◆ GIVEN RECORDS ◆
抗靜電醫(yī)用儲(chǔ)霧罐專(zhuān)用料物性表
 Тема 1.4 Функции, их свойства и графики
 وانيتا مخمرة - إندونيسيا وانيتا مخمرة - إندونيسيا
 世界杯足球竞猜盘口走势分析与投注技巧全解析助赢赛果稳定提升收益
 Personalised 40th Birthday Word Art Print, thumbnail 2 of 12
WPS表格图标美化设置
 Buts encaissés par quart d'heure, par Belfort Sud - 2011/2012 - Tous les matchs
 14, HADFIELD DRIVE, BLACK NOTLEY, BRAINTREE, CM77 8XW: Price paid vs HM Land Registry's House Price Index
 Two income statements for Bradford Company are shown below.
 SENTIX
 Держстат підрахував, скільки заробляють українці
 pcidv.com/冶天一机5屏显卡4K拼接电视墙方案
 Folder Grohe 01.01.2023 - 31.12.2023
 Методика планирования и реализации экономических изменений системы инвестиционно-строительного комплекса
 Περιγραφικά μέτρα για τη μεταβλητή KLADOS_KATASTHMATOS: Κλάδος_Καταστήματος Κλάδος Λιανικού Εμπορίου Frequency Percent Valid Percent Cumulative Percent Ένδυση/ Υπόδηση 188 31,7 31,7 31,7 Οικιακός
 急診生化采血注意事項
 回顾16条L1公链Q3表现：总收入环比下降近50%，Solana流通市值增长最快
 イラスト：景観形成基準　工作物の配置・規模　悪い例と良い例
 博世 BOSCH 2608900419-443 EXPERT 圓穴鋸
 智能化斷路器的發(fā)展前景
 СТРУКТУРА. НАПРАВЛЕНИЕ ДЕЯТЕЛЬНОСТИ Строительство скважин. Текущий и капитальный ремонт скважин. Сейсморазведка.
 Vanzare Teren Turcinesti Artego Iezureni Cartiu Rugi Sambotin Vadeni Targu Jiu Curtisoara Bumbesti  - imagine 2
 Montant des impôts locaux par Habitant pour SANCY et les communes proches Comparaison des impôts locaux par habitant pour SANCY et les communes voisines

◆ ASSIGNED TASK ◆
Write out the data above once more, exactly as it stands.

◆ PROBLEM SOLUTION ◆
抗靜電醫(yī)用儲(chǔ)霧罐專(zhuān)用料物性表
 Тема 1.4 Функции, их свойства и графики
 وانيتا مخمرة - إندونيسيا وانيتا مخمرة - إندونيسيا
 世界杯足球竞猜盘口走势分析与投注技巧全解析助赢赛果稳定提升收益
 Personalised 40th Birthday Word Art Print, thumbnail 2 of 12
WPS表格图标美化设置
 Buts encaissés par quart d'heure, par Belfort Sud - 2011/2012 - Tous les matchs
 14, HADFIELD DRIVE, BLACK NOTLEY, BRAINTREE, CM77 8XW: Price paid vs HM Land Registry's House Price Index
 Two income statements for Bradford Company are shown below.
 SENTIX
 Держстат підрахував, скільки заробляють українці
 pcidv.com/冶天一机5屏显卡4K拼接电视墙方案
 Folder Grohe 01.01.2023 - 31.12.2023
 Методика планирования и реализации экономических изменений системы инвестиционно-строительного комплекса
 Περιγραφικά μέτρα για τη μεταβλητή KLADOS_KATASTHMATOS: Κλάδος_Καταστήματος Κλάδος Λιανικού Εμπορίου Frequency Percent Valid Percent Cumulative Percent Ένδυση/ Υπόδηση 188 31,7 31,7 31,7 Οικιακός
 急診生化采血注意事項
 回顾16条L1公链Q3表现：总收入环比下降近50%，Solana流通市值增长最快
 イラスト：景観形成基準　工作物の配置・規模　悪い例と良い例
 博世 BOSCH 2608900419-443 EXPERT 圓穴鋸
 智能化斷路器的發(fā)展前景
 СТРУКТУРА. НАПРАВЛЕНИЕ ДЕЯТЕЛЬНОСТИ Строительство скважин. Текущий и капитальный ремонт скважин. Сейсморазведка.
 Vanzare Teren Turcinesti Artego Iezureni Cartiu Rugi Sambotin Vadeni Targu Jiu Curtisoara Bumbesti  - imagine 2
 Montant des impôts locaux par Habitant pour SANCY et les communes proches Comparaison des impôts locaux par habitant pour SANCY et les communes voisines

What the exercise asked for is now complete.